HU ADVANCE-IT selects 2014 Faculty Fellow: Dr. Kim Michelle Lewis

 

Binding and Electrical Characterization of DU145 Prostate Tumor Cells on Silicon Carbide

Collaborators:
Dr. Tina Brower-Thomas, Howard University, College of Engineering, Architecture, and Computer Sciences, Washington, D.C. 20059

Dr. Paulette Furbert-Harris, Howard University, College of Medicine, Department of Microbiology and Howard University Cancer Center, Washington, D.C. 20059

Currently, there is a need to track the differentiation of biological systems to identify and target cell types that would enable researchers to study cancer cells, stem cells, and other biological systems. For example, the ability to track cell differentiation could lead to early detection of pre-cancerous cells. For this project we are investigating one of the three “classical” cell lines of prostatic cancer, DU145, which was isolated from a wound in the brain of a patient with metastatic carcinoma of the prostate and a three year history of lymphocytic leukemia. The cell line is not detectably hormone sensitive and does not express prostate specific antigen (PSA). Our objective is to explore an alternative technique to identify the differentiation of biological cells on silicon carbide substrates by their electrical properties using scanning tunneling microscopy (STM), atomic force microscopy (AFM), and a probe technique with the intention to identify a marker for early detection.
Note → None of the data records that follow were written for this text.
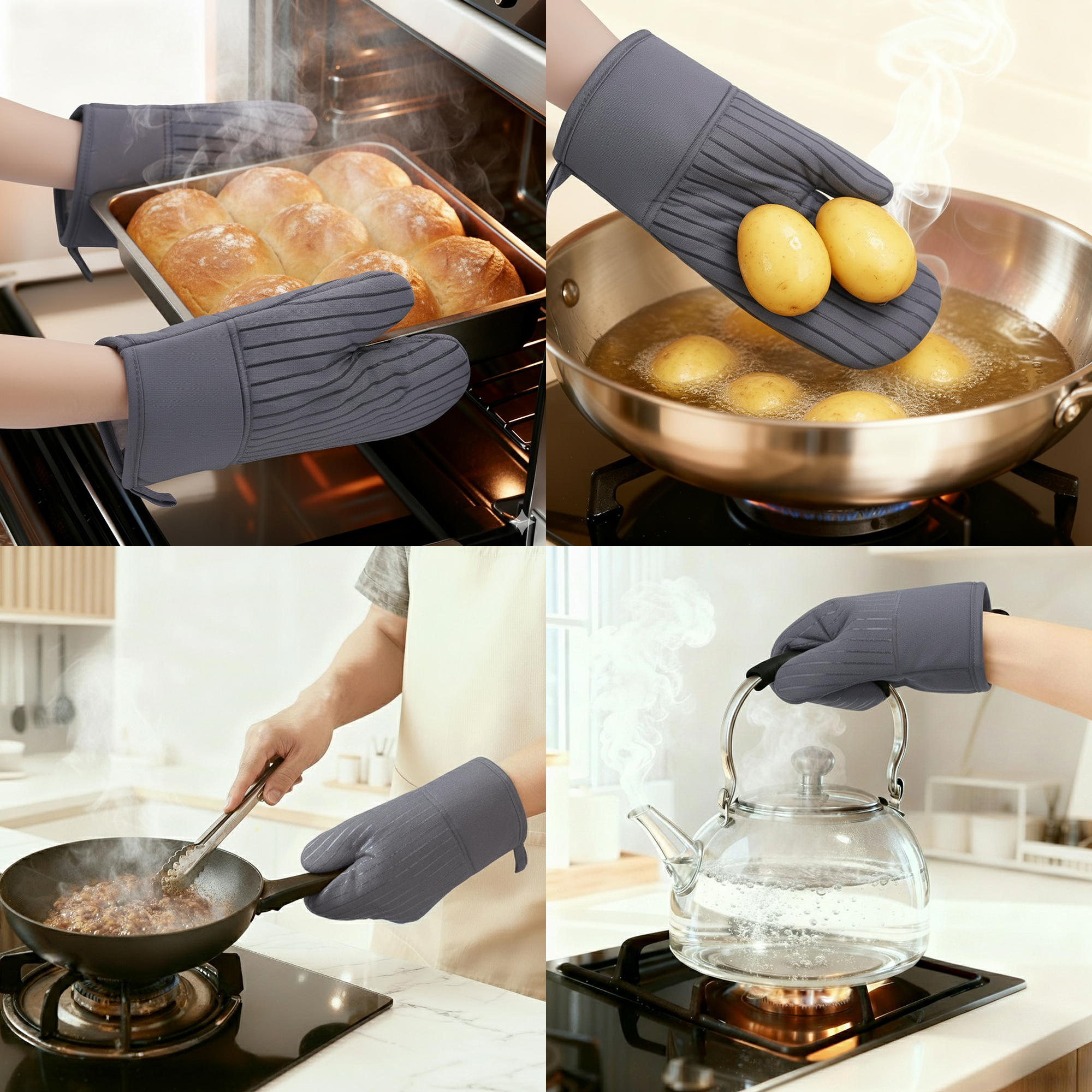 Unique Bargains 2pcs Silicone and Cotton Heat-Resistant  Oven Mitts Gray 12.6" x 7.1"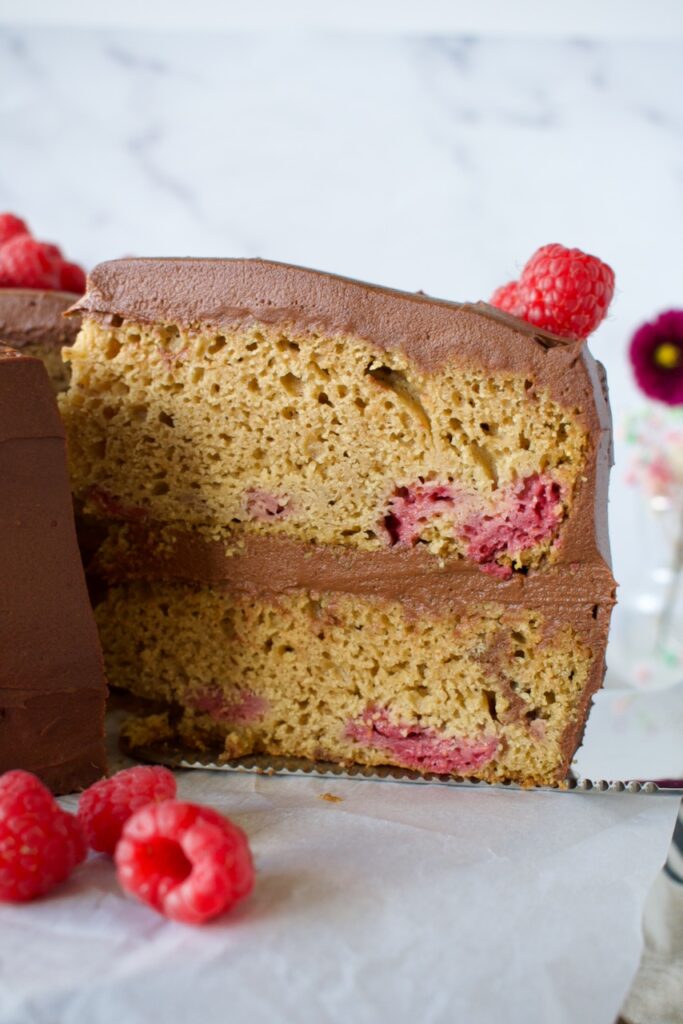 gluten free vanilla raspberry cake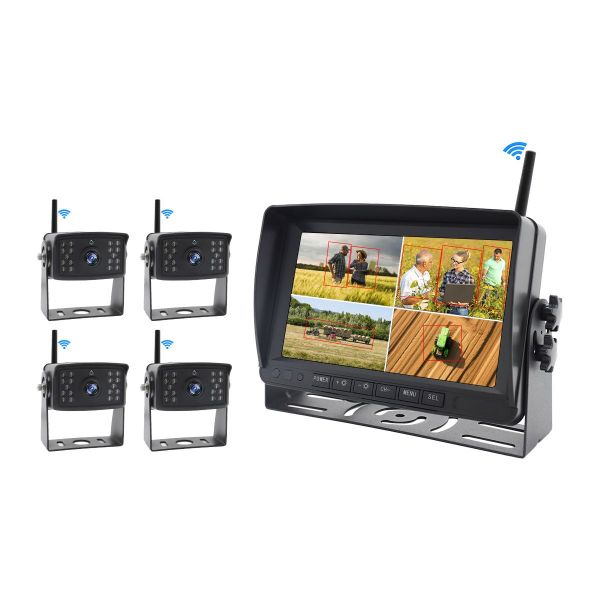 Quad Screens Wireless Battery Camera Monitoring System for Farm Equippment-5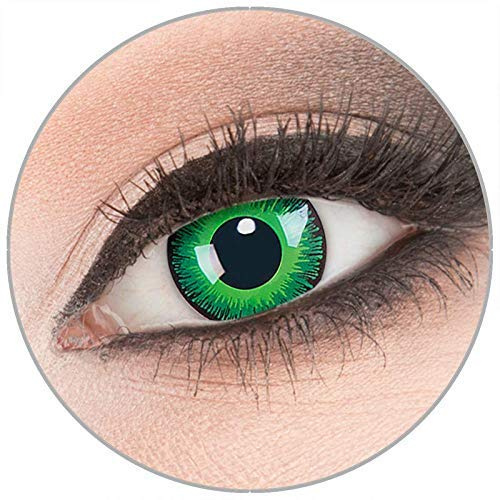 Farbige 'Shining' Kontaktlinsen von 'Evil Lens' zu Fasching Karneval Halloween 1 Paar grüne Crazy Fun Kontaktlinsen mit Kombilösung (60ml) + Behälter in Topqualität ohne Stärke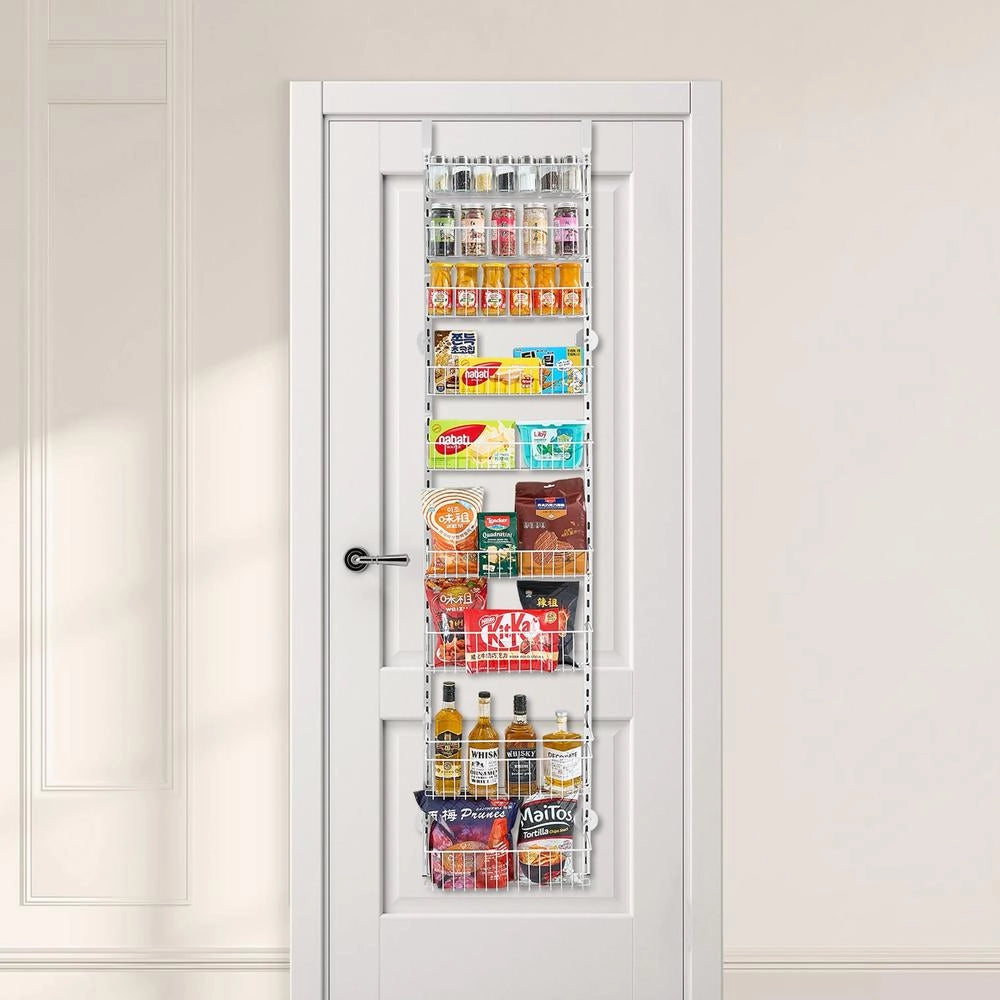 Organizzatore per Dispensa Sopra Porta a 9 Ripiani Regolabili, Scaffale Porta Spezie Sospeso in Acciaio, Salvaspazio per Cucina e Casa, Bianco DPO-9A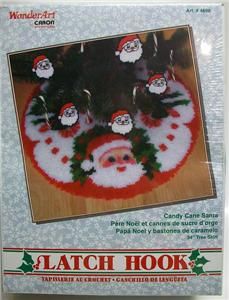 New Caron Latch Hook Christmas Tree Skirt Kit Candy Cane Santa Heads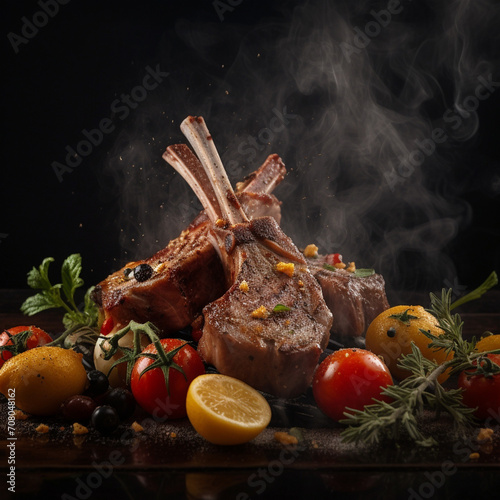 Double-cut lamb ribs on a ceramic plate. Crispy crust served with vegetables
cooked on the grill. Unusual background. Restaurant, homemade food. photo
We are examining the binding of metastatic DU145 prostate cancer cells to different types of silicon carbide (SiC): 3C-SiC grown on Si, 6H- and 4H-SiC, and highly doped (HD) 4H- and 6H-SiC to determine the most effective binding substrate. Silicon Carbide (SiC) is utilized in many biomedical applications such as stents, orthopedic implants, drug delivery and tissue engineering. For applications such as tissue engineering it is important to examine the binding potential and proliferative capabilities of cells as they develop into tissue on SiC substrates. The 3C, 4H, 6H and highly doped (HD) 4H and 6H poly types of silicon carbide are considered because of their electrical conductivity between that of metals and insulating materials. Depending on their crystal structure and if the material is doped, then poly types have high thermal conductivity and high electron mobility that may be useful in a bio-electronic device.